Le CNB a-t-il un intérêt à agir pour contester un contrat de de la commande publique ?
Le Conseil d’Etat estime que le CNB n'a pas qualité pour contester la validité d'un contrat et ce, même lorsqu’il porte sur la rédaction d'actes juridiques.
Les juges ont estimé qu’il ne suffit pas que cet organisme soit habilité par la loi à agir en justice pour assurer le respect de l'obligation de recourir à un professionnel du droit, pour admettre que les intérêts collectifs qu'il défend seraient susceptibles d'être lésés d'une façon suffisamment directe et certaine par la seule attribution d'un marché.
Le CNB n’a donc pas intérêt à contester un marché dont l’objet porte sur la rédaction d’actes juridiques, et ce alors même que la loi lui donne « qualité pour agir en justice en vue notamment d'assurer le respect de l'obligation de recourir à un professionnel du droit » …
La solution n’est pas étonnante, la même fin de non-recevoir a déjà été opposée au conseil régional de l'ordre des architectes s’agissant d’un recours contre un marché portant sur l'établissement d'études et l'exécution de travaux.

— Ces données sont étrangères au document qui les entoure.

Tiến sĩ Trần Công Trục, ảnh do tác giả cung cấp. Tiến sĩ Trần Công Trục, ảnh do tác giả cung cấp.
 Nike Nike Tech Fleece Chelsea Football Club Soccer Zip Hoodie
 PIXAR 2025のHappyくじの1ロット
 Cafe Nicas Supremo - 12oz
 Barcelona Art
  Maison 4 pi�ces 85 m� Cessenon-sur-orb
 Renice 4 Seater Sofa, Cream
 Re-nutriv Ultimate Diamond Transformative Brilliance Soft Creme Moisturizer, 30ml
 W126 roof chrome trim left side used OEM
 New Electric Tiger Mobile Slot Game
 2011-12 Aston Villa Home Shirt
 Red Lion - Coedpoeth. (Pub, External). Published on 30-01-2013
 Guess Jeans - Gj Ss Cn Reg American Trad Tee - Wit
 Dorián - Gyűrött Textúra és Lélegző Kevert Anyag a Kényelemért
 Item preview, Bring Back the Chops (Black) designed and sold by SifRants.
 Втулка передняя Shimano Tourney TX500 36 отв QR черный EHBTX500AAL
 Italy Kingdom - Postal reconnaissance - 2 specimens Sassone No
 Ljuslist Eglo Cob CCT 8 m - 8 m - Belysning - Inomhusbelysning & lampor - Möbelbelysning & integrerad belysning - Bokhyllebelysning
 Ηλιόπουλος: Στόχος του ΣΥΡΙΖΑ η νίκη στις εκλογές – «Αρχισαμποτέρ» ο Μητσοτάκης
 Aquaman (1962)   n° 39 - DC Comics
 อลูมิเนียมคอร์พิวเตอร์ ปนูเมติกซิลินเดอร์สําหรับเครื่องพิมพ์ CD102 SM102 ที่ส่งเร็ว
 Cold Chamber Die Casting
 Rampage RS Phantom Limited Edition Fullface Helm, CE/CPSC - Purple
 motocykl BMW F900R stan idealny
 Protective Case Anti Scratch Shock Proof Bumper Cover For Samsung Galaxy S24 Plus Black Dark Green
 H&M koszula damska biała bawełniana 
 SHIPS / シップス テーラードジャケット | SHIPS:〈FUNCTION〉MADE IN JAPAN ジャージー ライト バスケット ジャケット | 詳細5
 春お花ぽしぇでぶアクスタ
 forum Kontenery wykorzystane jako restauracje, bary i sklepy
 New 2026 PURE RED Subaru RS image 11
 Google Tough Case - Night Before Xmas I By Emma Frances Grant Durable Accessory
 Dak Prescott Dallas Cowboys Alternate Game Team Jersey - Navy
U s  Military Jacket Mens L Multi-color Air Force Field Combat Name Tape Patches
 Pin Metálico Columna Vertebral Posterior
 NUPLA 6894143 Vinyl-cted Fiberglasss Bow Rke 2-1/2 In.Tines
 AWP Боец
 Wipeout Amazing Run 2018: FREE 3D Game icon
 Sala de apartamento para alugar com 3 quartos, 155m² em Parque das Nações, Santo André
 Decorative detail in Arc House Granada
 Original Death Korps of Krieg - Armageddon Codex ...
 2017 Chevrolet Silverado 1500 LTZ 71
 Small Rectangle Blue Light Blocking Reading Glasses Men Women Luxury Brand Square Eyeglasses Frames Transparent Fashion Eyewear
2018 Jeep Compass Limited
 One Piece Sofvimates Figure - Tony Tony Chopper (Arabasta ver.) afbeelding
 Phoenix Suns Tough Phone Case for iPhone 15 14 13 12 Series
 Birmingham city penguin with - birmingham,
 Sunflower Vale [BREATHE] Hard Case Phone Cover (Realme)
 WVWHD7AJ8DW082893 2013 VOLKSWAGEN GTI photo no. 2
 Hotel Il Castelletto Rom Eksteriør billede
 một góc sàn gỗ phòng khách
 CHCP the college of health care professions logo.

Il avait été jugé que le fait que cette structure soit chargée de faire respecter l'obligation de recourir à un architecte ne suffit pas à caractériser un intérêt à agir (CE, 3 juin 2020, n° 426932).
Cette solution est néanmoins insatisfaisante et semble guidée par la volonté d’asseoir une politique jurisprudentielle : il apparait en effet artificiel de considérer qu’un organisme professionnel puisse agir en justice pour assurer le respect de certains principes, et dans le même temps lui refuser le droit de contester la passation d’un contrat dont l’objet viole frontalement le contenu desdits principes.
Cette casuistique intellectuelle conduit à refuser au CNB la possibilité de traquer les braconniers du droit qui exercent de manière illégale une activité juridique, alors même qu’il est objectivement le mieux placé pour le faire (autant juridiquement que matériellement).